1. Colonists from Europe to the future U.S. in the early 1600s practiced cannibalism when it was necessary. At the same time, members of the leisure class of England were loath to work and would much rather indenture and enslave people (especially blacks and native Americans) to work for them. Working in the colonies was hard, so whites tried multiple methods to subdue other people to work for them. This is not true of all whites, obviously, but it was enough to create institutionally supported crimes against humanity.
2. These sins stem from hubris: "If you were a colonist, you knew that your technology was superior to the Indians'. You knew that you were civilized, and they were savages... But your superior technology had proved insufficient to extract anything.
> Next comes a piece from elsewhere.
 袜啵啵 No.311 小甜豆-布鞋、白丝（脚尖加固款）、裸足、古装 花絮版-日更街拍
The Indians, keeping to themselves, laughed at your superior methods and lived from the land more abundantly and with less labor than you did... And when your own people started deserting in order to live with them, it was too much... So you killed the Indians, tortured them, burned their villages, burned their cornfields. It proved your superiority, in spite of your failures. And you gave similar treatment to any of your own people who succumbed to their savage ways of life." ~ from Edmund Morgan's American Slavery, American Freedom
3. Zinn talks about the African culture(s) whites plucked slaves from, how they were advanced and beautiful but certainly far from perfect (they had wars, human sacrifice, a caste system, and even a form of slavery, too). The point is that their way of life was not inherently inferior to the European model. Their sense of community, to Zinn anyway, was remarkable.
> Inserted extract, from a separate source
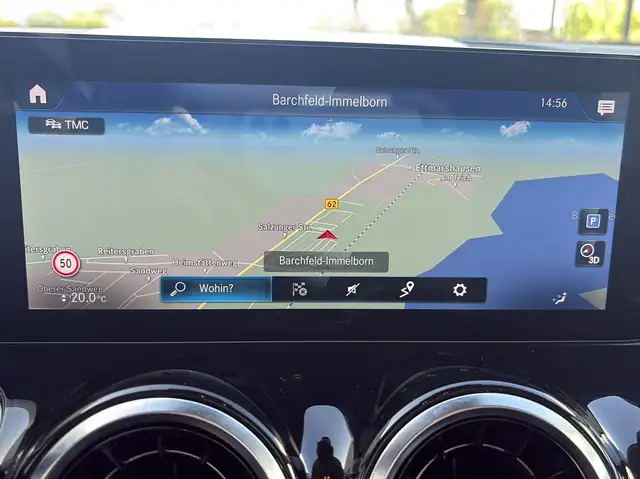 Mercedes-Benz GLB view 22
4. To quote Zinn at length: "African slavery is hardly to be praised. But it was far different from plantation or mining slavery in the Americas, which was lifelong, morally crippling, destructive of family ties, without hope of any future. African slavery lacked two elements that made American slavery the most cruel form of slavery in history: the frenzy for limitless profit that comes from capitalistic agriculture; the reduction of the slave to less than human status by the use of racial hatred, with that relentless clarity based on color, where white was master, black was slave. In fact, it was because they came from a settled culture, of tribal customs and family ties, of communal life and traditional ritual, that African blacks found themselves especially helpless when removed from this."
5. In case you've forgotten how awful the transportation conditions were, please read about it in this chapter.
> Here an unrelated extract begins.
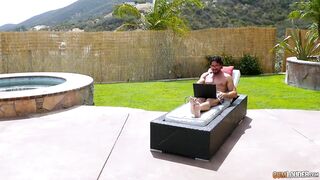 Homewrecking at the homeoffice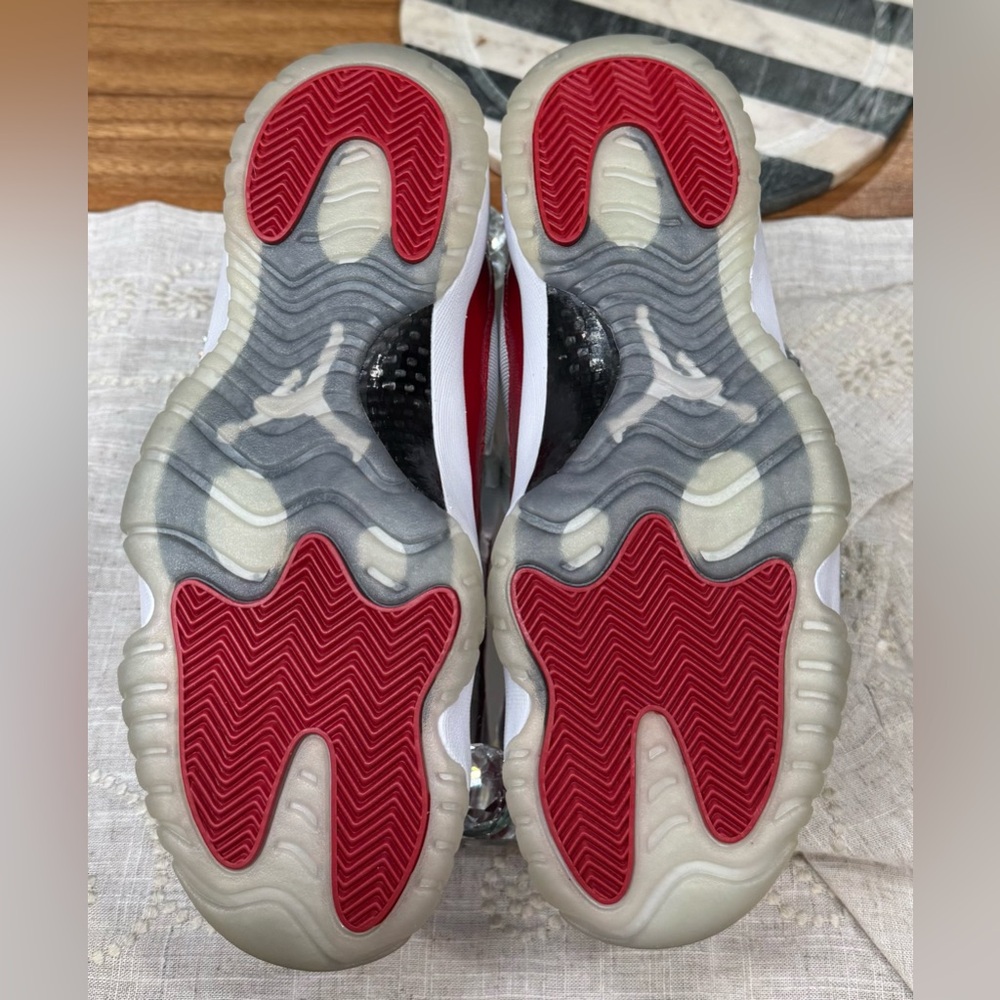 NIKE AIR JORDAN RETRO 11 LOW “CHERRY" 2016 MENS SZ 10.5 BRAND NEW 100% AUTHENTIC - Picture 11 of 12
6. Zinn suggests that segregation had to be legally enforced because slaves and servants were fraternizing: blacks, natives, mulattos, and whites all being *gasp* friendly and intimate was too much for those in power. It's reminiscent to me, as many things are, of Jensen's Premises, specifically #4. People in power will do what is necessary to enforce the hierarchies that economically benefit them the most, even when it's inhuman(e) to do so.... And then, wow, a dozen paragraphs after I wrote that, I read Zinn's spin on it: "It was an intricate and powerful system of control that the slaveowners developed to maintain their labor supply and their way of life, a system both subtle and crude, involving every device that social orders employ for keeping power and wealth where it is."
7. Zinn wrote in his first chapter that he's trying to retell history from a different perspective but not to make us feel impotent shame and rage (my words, not his). His "where do we go from here" point from this second chapter seems to be: "that the elements of this web [of racism] are historical, not 'natural.' This does not mean that they are easily disentangled, dismantled. It means only that there is a possibility for something else, under historical conditions not yet realized. And one of these conditions would be the elimination of that class exploitation which has made poor whites desperate for small gifts of status, and has prevented that unity of black and white necessary for joint rebellion and reconstruction." It was true then and it sounds pretty darn true now as U.S. politicians frame their arguments in ways to either pit rich against poor or middle class against middle class, all while the powerfully somewhat rich seek to keep and expand their power. Class warfare continues. Racial warfare is easier, as "Americans" can point at red and brown and black people and blame them for occupying space "we" think is ours by divine right.